Commack School District's attorney made clear at the April 19 board meeting, "the Board of Education has instructed me not to spend significant legal fees defending this action. I will of course abide by that request."

The action, or lack there of, could result in the property being given back over to Carll's heirs. This action, the attorney said, would not need any vote of approval.

Arthur Goldstein, a Huntington-based attorney representing the heirs, spoke to Newsday about the impending lawsuit. He said while the heirs have not decided what they would do with the property, if received, they plan to meet with community representatives to gather their input.

Sue Hermer April 25, 2012 at 12:22 PM
Although I may regret making this comment without having first read the complaint filed by the plaintiffs, I think Commack should just settle and give back the farm. That will save the tax payers from paying exorbitant legal fees in addition to the fees that we have been paying all along. Although it was a nice gesture of the Carlls to donate the property, the Commack school district was obviously incapable of managing a farm due to neglect and/or not wanting to increase taxes to maintain the property. I voted to sell the farm even though I knew it was underpriced because I saw this coming. We could have used the $750,000.00 and the property taxes from the new homes that the Holiday Organization would have built. In addition, the historic buildings would have been restored and preserved at Holiday's cost with opportunities for some educational programs for the district. Unfortunately, the communitty didn't show much interest and the number of people who showed up to vote was pathetic.
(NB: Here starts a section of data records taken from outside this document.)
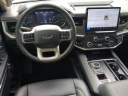 Thumbnail image of 2024 Ford Expedition MAX at CourtesyFordLincolnOfRome-New of Rome, GA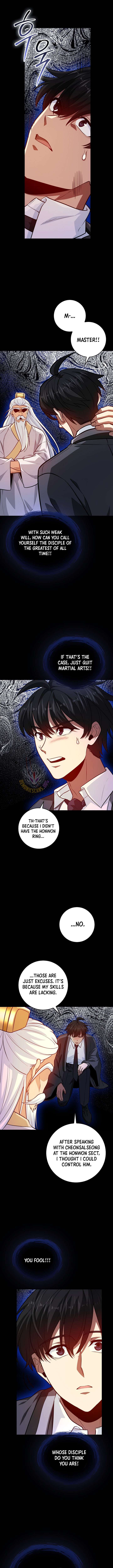 ch 134 5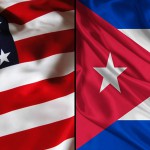 eua_cuba-150×150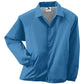 Columbia Blue
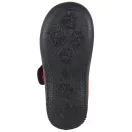 Pókember Night Crawler sötétben világító benti cipő 23-28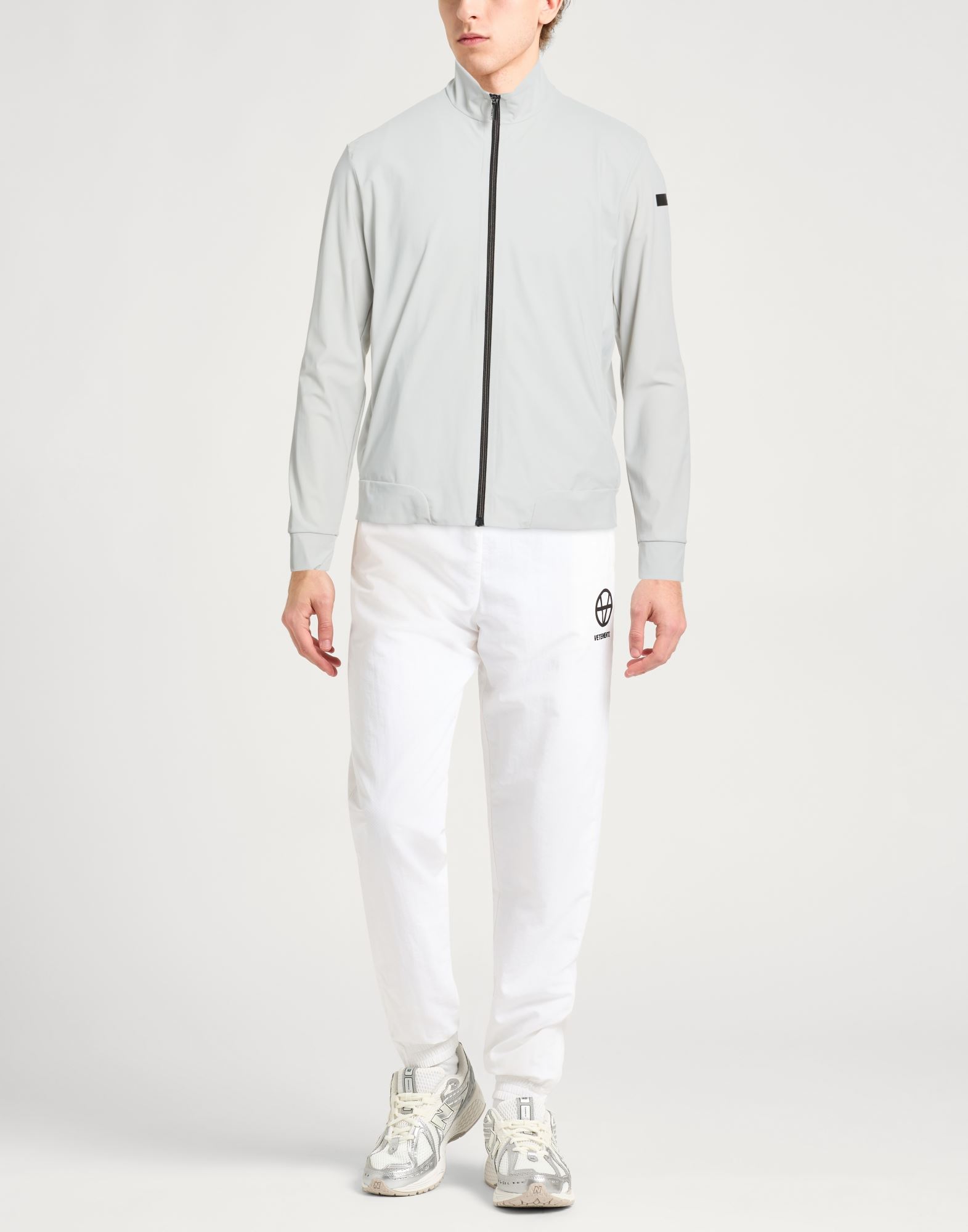  Rrd - Tops - Sweatshirts - On Yoox.com 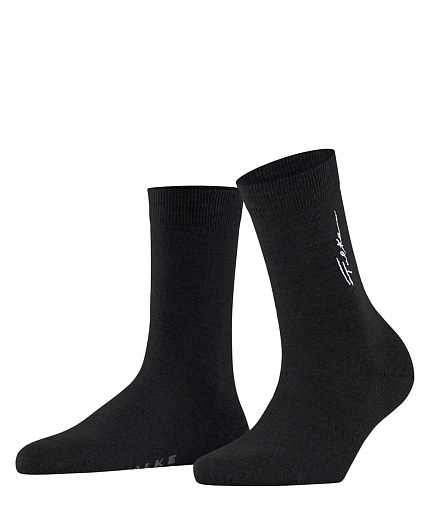 Шкарпетки Softmerino Women
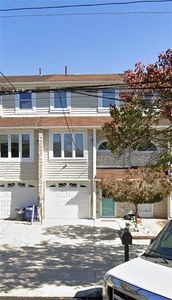 71 Eagan Ave, Staten Island, NY, 10312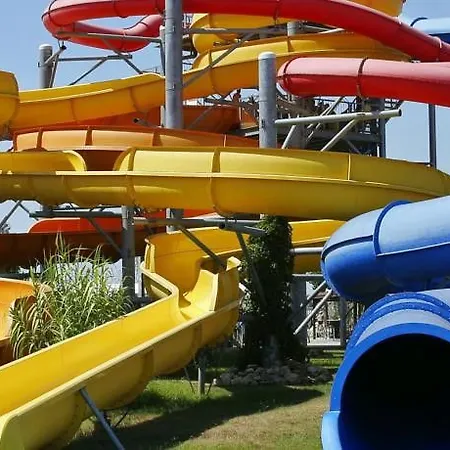 Sonnen 3* Marmaris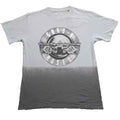 Guns N' Roses Tonal Bullet Grey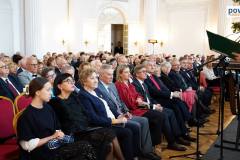 koncert-noworoczy-zamek-w-rydzynie-00086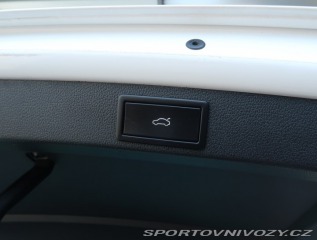 Škoda Octavia RS RS RS 2.0 TDI 2014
J wabnik April 25, 2012 at 01:37 PM
I to agree, the district should sell the farm or settle with the family. Perhaps the family will make a one time doantion to the district. I hope we do not spend thousands of dollars fighting the suit. Sadly, I am sure Marion Carll never envisioned that these difficult economic times would impact her dream for the children of Commack, that they would know that Commack was once made up of thriving farms and not just big box stores and fast food restaurants
Annie D. April 25, 2012 at 06:01 PM
Sad day for Commack. They should have used the property for educational purposes as originally agreed. Commack already had lost money for not keeping Green Fields and Green Meadows properties - those could have been rented out all these years. Shame on whomever let Marion Carll Farms get to this level! Oh, sure ...just hand the property back - that's fiscally responsible!
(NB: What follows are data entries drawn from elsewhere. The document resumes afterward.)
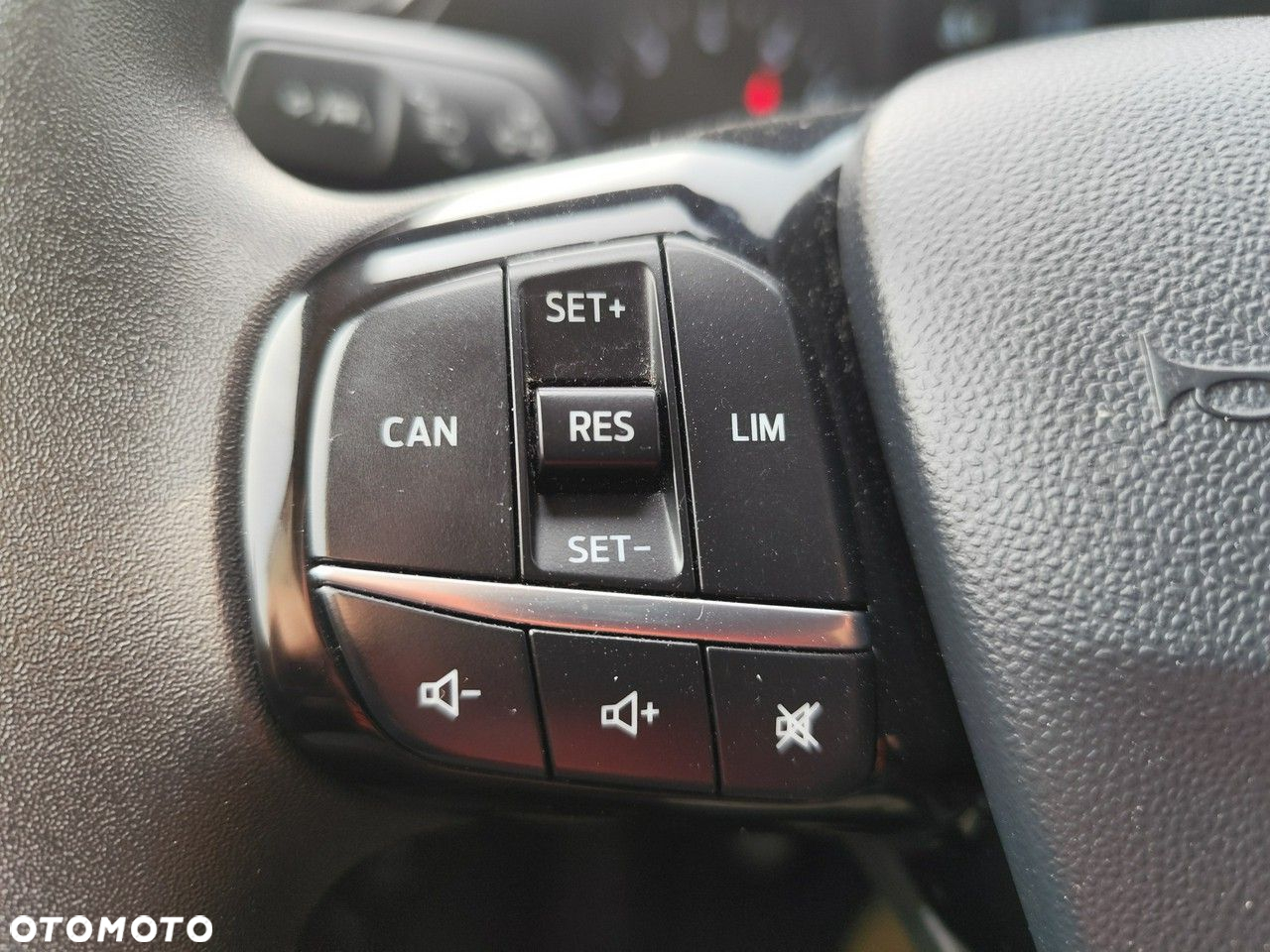 Ford Fiesta - 18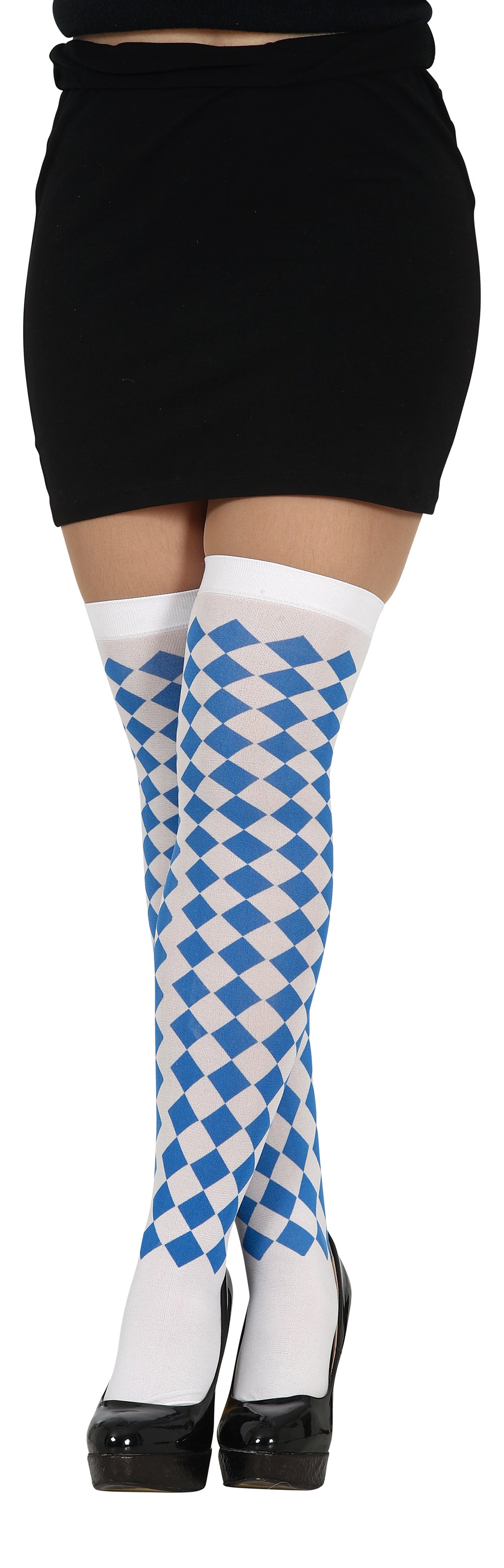 OKTOBERFEST STOCKINGS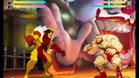 Images et photos Marvel Vs. Capcom 2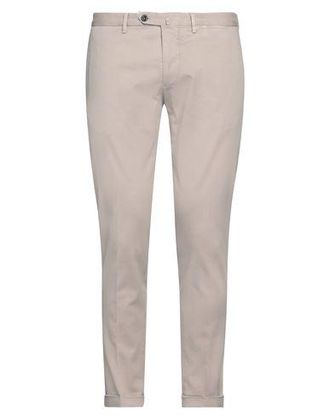 Santaniello PARTES DE ABAJO - Pantalones en YOOX.COM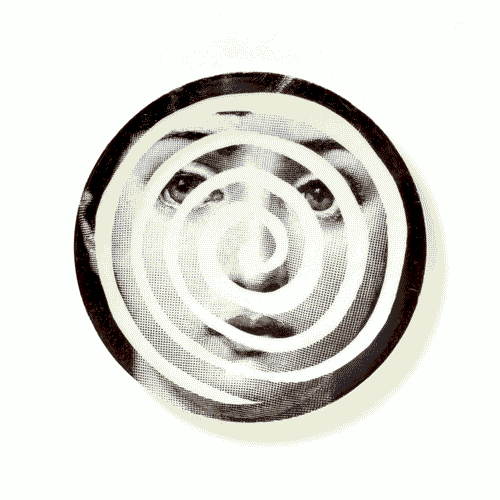 Image for Tema e variazioni n.018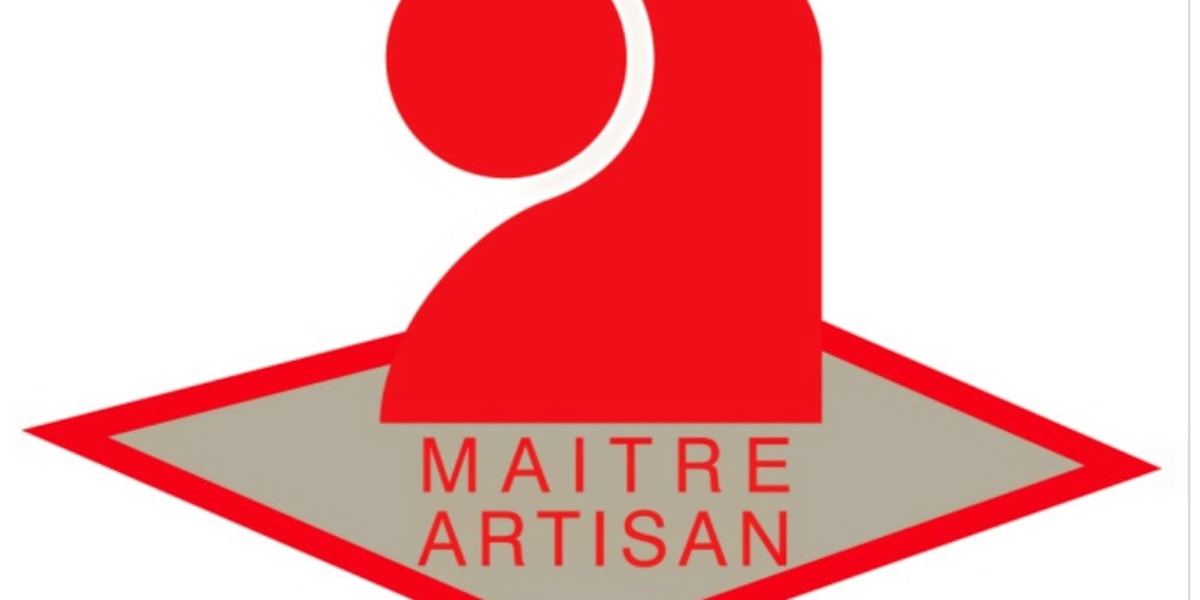 Marco Artisan Coiffeur - Coiffure Cap-d'Ail - Photo de couverture - OneBooking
J wabnik April 25, 2012 at 06:33 PM
maintaining properites can be very expensive and is not always in the best interest of the organization. i wasn't involved when the properites were sold so I really can't comment on whether it was a good idea or not. However, if the district losses the lawsuit and must return the properity, lets see if the heirs will be able maintain the properity as it was orginally intented or sell to the highest bidder
Sue Hermer April 25, 2012 at 07:14 PM
I agree. It was a shame to allow the farm to deteriorate to this point. But, last I read, the cost to the district to maintain the farm was around $200,000.00 per year. Most of the costs are legal expenses. Yeah, giving the property back would be fiscally responsible since there aren't any serious buyers.
Re April 25, 2012 at 07:31 PM
Sue be advised the 200,000 figure to maintain the farm was later recanted and restated in 2010 by the school's lawyer to about $30,000 and even now that amount has never been justified by the business office..In yesterdays Newsday the upkeep figure was again lowered to thousands. The family should get the property back as they have a lot of concern about the property under the reversion clause and also be aware that their lawyer wants to hold a community meeting. Watch for the details
Sue Hermer April 25, 2012 at 08:36 PM
Thanks Re. I'll keep my eyes open.
Annie D. April 25, 2012 at 10:40 PM
Commack School District has just applied the "scare" tactic. All this time they wanted to sell it off! Don't you see what they are creating now? A panic...a lawsuit. The district has just created a diversion, so they can get Marion Carll off their hands. They should fix it up and use it educationally.
Greg Martinez April 26, 2012 at 03:53 PM
Commack School District blew it. Give it back to the family.
Re April 26, 2012 at 08:16 PM
The family filed the suit .
Annie D. April 27, 2012 at 04:49 AM
To Re...how convenient, To Greg...you are so right!
Steven Pertussati April 27, 2012 at 10:19 PM
The Commack School District has neglected this property for decades. This is the community's fault as a whole in not recognizing the value this particular property serves as a true measure of what our community is supposed to stand for.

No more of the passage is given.